## Task to complete:
From the records, return each line that has the word "NWOT" in it.

Short web captions:
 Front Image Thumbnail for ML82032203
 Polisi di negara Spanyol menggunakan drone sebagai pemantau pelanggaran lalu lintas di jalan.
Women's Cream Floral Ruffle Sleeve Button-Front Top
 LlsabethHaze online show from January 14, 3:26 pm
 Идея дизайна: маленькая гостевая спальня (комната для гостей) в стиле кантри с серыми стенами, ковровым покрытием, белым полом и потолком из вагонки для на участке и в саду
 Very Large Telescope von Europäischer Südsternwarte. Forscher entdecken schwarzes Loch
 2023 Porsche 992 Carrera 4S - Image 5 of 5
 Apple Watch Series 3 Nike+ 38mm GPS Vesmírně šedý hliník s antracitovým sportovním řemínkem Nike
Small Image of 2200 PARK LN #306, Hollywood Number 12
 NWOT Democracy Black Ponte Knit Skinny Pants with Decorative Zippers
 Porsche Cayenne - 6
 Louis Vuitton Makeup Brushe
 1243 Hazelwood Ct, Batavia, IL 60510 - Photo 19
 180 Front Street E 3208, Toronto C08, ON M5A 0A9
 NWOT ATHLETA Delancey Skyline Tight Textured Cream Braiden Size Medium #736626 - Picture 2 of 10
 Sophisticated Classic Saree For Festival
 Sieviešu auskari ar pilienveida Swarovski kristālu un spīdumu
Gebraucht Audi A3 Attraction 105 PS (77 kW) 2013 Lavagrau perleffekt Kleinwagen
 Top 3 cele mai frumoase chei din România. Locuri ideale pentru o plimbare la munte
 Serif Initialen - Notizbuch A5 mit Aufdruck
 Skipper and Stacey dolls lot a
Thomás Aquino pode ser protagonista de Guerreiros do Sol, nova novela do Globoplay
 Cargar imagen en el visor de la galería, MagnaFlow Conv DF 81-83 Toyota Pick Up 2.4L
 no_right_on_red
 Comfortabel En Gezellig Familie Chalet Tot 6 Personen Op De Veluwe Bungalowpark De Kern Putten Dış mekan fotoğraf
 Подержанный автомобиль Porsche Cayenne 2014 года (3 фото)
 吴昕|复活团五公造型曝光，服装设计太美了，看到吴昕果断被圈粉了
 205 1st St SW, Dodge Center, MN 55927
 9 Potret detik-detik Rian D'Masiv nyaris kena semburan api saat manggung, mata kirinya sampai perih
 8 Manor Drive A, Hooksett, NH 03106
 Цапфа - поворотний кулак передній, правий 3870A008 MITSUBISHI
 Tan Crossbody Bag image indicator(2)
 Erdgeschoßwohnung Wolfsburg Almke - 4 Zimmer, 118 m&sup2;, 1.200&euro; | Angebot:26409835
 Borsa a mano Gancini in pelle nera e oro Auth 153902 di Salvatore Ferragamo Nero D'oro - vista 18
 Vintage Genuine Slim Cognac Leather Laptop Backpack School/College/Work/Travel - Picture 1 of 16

## Result for this task:
 NWOT Democracy Black Ponte Knit Skinny Pants with Decorative Zippers
 NWOT ATHLETA Delancey Skyline Tight Textured Cream Braiden Size Medium #736626 - Picture 2 of 10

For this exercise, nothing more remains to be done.